Screening ubiquitin specific protease activities using chemically synthesized ubiquitin and ubiquitinated peptides.

Ubiquitin, a 76 amino acid protein, is a key component that contributes to cellular protein homeostasis. The specificity of this modification is due to a series of enzymes: ligases, attaching the ubiquitin to a lysine, and deubiquitinases, which remove it. More than a hundred of such proteins are implicated in the regulation of protein turnover. Their specificities are only partially understood. We chemically synthesized ubiquitin, attached it to lysines belonging to the protein sequences known to be ubiquitinated. We chose the model protein "murine double minute 2" (mdm2), a ubiquitin ligase, itself ubiquitinated and deubiquitinated. We folded the ubiquitinated peptides and checked their tridimensional conformation. We assessed the use of these substrates with a series of fifteen deubiquitinases to show the potentiality of such an enzymological technique. By manipulating the sequence of the peptide on which ubiquitin is attached, we were able to detect differences in the enzyme/substrate recognition, and to determine that these differences are deubiquitinase-dependent. This approach could be used to understand the substrate/protein relationship between the protagonists of this reaction. The methodology could be customized for a given substrate and used to advance our understanding of the key amino acids responsible for the deubiquitinase specificities.

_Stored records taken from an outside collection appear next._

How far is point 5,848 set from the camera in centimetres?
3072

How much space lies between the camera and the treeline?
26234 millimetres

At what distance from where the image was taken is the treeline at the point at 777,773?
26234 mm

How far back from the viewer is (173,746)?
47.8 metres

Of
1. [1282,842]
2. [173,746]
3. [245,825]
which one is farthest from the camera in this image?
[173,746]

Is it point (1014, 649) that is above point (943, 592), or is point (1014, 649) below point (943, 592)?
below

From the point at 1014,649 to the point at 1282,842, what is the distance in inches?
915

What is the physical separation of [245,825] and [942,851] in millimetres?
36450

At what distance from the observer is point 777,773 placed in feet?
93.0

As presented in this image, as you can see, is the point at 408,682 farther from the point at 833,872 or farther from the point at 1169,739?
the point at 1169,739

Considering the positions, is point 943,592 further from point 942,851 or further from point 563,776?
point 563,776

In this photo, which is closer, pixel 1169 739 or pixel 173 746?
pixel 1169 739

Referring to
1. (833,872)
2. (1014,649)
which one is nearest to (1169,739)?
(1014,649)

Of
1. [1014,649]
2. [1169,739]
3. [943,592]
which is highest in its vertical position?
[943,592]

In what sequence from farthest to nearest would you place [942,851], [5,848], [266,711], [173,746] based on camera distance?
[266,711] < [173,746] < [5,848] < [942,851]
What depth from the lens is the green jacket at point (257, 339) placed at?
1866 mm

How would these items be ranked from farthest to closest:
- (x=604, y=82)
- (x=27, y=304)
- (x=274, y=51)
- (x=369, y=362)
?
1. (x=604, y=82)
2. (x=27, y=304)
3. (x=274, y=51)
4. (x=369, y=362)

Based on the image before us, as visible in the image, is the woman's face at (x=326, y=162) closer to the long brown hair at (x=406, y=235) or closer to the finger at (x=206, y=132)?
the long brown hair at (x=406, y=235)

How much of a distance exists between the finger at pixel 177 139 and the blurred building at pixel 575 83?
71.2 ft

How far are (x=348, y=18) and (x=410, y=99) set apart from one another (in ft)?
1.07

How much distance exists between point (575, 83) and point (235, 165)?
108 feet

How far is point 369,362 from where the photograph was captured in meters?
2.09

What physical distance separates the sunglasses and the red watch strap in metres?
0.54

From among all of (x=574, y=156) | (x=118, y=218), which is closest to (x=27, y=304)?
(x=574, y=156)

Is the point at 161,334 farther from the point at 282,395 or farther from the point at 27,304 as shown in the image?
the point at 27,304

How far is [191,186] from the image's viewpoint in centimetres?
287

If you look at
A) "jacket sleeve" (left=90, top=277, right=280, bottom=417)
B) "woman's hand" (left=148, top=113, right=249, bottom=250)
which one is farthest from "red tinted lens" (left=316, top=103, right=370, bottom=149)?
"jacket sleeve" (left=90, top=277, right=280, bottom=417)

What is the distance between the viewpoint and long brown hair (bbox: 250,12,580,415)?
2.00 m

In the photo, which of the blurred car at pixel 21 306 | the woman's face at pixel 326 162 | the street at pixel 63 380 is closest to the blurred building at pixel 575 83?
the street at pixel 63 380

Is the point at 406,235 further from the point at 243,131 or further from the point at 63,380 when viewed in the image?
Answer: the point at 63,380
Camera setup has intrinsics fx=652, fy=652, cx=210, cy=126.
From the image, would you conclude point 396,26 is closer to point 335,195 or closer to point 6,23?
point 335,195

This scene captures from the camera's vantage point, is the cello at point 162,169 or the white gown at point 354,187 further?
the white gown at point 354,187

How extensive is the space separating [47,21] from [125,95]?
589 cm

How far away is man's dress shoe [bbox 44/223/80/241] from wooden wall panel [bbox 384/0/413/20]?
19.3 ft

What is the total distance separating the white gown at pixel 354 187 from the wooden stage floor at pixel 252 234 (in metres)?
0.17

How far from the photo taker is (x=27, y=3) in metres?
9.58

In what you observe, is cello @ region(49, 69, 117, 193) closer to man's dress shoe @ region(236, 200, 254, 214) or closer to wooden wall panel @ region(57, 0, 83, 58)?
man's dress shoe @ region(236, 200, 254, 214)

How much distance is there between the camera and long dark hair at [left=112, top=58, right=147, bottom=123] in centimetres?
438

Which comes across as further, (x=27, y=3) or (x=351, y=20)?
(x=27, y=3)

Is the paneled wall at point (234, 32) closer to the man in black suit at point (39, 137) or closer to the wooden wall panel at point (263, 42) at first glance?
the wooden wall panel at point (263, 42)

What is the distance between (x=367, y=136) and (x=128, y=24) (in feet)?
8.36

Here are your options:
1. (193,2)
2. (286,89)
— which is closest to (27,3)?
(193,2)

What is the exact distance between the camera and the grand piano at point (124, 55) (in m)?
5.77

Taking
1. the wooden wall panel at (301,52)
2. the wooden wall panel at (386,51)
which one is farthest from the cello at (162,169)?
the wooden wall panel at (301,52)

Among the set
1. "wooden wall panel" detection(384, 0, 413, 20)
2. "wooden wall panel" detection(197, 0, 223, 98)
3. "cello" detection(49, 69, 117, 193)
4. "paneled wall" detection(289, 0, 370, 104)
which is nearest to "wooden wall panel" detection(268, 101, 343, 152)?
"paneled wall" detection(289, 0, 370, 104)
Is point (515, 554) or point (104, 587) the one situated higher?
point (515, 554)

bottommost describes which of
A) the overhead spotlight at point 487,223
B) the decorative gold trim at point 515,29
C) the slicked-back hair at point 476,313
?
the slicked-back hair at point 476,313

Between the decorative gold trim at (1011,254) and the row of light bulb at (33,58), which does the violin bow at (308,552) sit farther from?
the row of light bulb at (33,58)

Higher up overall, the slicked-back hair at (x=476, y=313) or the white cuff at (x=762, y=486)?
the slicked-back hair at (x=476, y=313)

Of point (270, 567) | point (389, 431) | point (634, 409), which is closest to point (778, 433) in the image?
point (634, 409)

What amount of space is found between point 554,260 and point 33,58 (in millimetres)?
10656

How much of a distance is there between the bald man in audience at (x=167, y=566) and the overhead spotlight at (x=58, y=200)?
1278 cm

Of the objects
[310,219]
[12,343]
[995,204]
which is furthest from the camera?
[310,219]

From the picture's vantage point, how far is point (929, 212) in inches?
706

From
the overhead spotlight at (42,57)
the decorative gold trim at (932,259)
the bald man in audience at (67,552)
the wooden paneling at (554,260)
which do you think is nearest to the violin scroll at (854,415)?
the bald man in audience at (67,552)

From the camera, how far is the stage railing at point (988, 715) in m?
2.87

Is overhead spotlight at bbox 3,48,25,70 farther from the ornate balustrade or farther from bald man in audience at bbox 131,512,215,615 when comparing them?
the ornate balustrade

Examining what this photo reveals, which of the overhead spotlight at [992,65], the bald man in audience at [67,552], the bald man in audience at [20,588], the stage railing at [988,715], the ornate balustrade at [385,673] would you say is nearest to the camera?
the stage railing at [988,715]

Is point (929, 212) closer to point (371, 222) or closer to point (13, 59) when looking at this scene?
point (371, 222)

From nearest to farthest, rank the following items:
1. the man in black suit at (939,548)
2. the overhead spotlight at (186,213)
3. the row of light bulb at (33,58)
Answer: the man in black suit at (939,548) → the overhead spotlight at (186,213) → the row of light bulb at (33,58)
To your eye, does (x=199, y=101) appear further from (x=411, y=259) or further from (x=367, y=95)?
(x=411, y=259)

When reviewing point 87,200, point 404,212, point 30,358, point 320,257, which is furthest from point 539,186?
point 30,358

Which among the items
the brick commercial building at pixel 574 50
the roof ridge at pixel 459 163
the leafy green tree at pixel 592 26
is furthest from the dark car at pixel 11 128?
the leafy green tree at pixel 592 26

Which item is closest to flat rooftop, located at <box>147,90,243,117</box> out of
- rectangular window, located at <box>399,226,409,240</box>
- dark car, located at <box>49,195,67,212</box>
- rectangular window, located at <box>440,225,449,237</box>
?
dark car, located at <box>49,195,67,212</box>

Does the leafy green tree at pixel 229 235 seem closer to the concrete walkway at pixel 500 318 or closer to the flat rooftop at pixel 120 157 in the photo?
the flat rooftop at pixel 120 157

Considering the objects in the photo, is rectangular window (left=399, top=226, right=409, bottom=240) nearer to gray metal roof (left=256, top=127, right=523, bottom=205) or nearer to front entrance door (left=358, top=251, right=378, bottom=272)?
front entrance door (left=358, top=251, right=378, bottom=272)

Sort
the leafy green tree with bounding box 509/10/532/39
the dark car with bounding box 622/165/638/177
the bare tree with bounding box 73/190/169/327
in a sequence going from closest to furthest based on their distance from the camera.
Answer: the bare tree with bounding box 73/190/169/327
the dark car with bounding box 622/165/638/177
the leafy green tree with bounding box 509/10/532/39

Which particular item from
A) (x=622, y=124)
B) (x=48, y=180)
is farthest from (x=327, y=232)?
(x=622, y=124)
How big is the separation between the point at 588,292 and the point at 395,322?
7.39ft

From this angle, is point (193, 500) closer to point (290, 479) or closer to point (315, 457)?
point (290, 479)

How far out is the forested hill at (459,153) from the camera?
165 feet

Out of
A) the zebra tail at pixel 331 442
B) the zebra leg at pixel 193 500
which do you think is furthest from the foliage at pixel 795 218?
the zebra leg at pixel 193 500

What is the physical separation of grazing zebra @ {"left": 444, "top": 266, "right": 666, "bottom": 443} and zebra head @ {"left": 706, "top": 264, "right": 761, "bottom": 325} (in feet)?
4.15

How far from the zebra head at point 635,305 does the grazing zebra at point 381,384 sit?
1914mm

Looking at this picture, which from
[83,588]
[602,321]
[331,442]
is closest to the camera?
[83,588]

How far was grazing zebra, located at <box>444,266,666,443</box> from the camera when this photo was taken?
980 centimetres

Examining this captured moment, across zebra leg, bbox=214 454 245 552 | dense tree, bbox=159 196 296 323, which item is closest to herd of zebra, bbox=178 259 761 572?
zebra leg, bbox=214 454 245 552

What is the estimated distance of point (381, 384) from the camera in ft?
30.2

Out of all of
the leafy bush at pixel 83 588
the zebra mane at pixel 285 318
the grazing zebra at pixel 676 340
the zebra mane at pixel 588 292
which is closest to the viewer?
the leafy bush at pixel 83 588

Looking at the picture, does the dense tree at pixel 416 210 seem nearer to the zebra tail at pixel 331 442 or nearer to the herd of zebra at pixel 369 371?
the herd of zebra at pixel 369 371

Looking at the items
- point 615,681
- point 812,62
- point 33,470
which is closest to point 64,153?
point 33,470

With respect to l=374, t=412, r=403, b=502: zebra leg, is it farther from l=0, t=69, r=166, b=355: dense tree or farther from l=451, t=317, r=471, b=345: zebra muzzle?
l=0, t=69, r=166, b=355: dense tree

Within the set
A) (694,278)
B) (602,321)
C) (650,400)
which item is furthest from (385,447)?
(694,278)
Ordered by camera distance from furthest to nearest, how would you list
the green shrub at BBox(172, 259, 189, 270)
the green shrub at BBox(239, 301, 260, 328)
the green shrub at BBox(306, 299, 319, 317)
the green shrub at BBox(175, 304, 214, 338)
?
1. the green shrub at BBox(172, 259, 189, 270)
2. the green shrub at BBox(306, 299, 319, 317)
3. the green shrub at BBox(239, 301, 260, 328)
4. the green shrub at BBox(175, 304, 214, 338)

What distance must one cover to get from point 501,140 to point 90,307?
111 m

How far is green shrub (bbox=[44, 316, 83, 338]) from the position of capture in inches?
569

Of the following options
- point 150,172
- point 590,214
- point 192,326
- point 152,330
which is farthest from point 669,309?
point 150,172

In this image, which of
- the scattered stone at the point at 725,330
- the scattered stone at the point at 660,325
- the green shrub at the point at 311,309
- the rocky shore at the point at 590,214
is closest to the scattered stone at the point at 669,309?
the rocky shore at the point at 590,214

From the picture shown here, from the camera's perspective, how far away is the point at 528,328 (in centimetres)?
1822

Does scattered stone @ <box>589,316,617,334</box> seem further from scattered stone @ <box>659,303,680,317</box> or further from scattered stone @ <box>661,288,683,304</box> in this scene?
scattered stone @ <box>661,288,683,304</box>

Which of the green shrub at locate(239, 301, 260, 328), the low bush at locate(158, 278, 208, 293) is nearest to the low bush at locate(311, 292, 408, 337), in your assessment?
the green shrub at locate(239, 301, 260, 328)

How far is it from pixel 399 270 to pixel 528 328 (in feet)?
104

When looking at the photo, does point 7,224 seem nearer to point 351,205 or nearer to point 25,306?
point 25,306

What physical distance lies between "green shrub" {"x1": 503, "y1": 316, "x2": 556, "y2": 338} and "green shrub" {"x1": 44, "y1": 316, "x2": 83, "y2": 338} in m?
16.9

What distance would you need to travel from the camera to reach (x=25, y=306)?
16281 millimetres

Total chemical synthesis, refolding, and crystallographic structure of fully active immunophilin calstabin 2 (FKBP12.6).

Synthetic biology (or chemical biology) is a growing field to which the chemical synthesis of proteins, particularly enzymes, makes a fundamental contribution. However, the chemical synthesis of catalytically active proteins (enzymes) remains poorly documented because it is difficult to obtain enough material for biochemical experiments. We chose calstabin, a 107-amino-acid proline isomerase, as a model. We synthesized the enzyme using the native chemical ligation approach and obtained several tens of milligrams. The polypeptide was refolded properly, and we characterized its biophysical properties, measured its catalytic activity, and then crystallized it in order to obtain its tridimensional structure after X-ray diffraction. The refolded enzyme was compared to the recombinant, wild-type enzyme. In addition, as a first step of validating the whole process, we incorporated exotic amino acids into the N-terminus. Surprisingly, none of the changes altered the catalytic activities of the corresponding mutants. Using this body of techniques, avenues are now open to further obtain enzymes modified with exotic amino acids in a way that is only barely accessible by molecular biology, obtaining detailed information on the structure-function relationship of enzymes reachable by complete chemical synthesis.